Carson City remembrance 9/11 ceremony set Sept. 11

A brief memorial event in Mills Park is set for the morning of Sept. 11 to recognize and honor those who lost their lives in the national attack on that date in 2001.

The Carson City ceremony is set for 8:46 a.m. in the park at the World Trade Center I-beam Memorial site. It will include remarks by Mayor Robert Crowell, Sheriff Ken Furlong and Fire Chief Bob Schreihans.

“I’ve been asked to speak,” said the mayor, adding city government coordination was being handled by various city departments working under the auspices of City Manager Nick Marano. Marano has arranged through the Parks and Recreation Department for a sound system and other pertinent apparatus, with the Fire Department and the Sheriff’s Office so there would be an honor guard, and with Public Works to handle pre-event street advertising via an electronic sign.
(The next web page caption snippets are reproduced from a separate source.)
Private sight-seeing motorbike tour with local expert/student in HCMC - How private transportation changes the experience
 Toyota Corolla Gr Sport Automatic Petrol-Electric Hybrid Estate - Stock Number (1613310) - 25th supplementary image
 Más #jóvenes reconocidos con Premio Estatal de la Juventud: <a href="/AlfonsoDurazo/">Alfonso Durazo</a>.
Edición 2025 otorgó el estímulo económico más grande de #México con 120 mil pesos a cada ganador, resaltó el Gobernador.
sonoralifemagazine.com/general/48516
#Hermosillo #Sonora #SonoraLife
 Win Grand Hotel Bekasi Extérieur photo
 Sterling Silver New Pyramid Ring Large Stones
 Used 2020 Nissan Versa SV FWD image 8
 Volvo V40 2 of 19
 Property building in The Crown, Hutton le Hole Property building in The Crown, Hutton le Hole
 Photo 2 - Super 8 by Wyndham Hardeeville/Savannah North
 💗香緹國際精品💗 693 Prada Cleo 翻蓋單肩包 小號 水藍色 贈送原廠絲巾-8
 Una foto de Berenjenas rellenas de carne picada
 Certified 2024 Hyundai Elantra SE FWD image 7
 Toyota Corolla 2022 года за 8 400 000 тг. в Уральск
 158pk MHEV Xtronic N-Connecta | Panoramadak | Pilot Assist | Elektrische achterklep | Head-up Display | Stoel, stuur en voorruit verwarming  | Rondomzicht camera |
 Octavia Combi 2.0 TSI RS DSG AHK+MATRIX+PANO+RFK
A minister is expected to be on hand as well and the ceremony could include a moment of silence, a prayer, lowering of the flag and the commemorative remarks.

“The theme is to remember what happened, to never forget, and to recognize first responders,” the mayor said.

The World Trade Center I-beam Memorial is located along with the Firefighters’ Memorial in the grassy area not far from the Marv Teixeira Pavilion at the east end of Mills Park near East William and Saliman streets.

The I-beam memorial was solicited and received from the Port Authority in New York. and the 1,600 pound relic was temporarily installed in a preliminary spot at the park near the pavilion in September, 2011. Later it was given the current permanent site. Also considered before the final selection were two sites near the Carson City Community Center, 851 E. William St., on the park’s west side.

Instrumental in getting the I-beam for the memorial were Jim Shirk before he was elected to his current post on the Board of Supervisors, the Cultural Commission on which he served then, and various city officials. The mayor, Furlong, then-Fire Chief Stacey Giomi, and then-Supervisor Shelly Aldean provided letters of support to help obtain the I-beam to honor those who died in the attack, both civilians and first responders.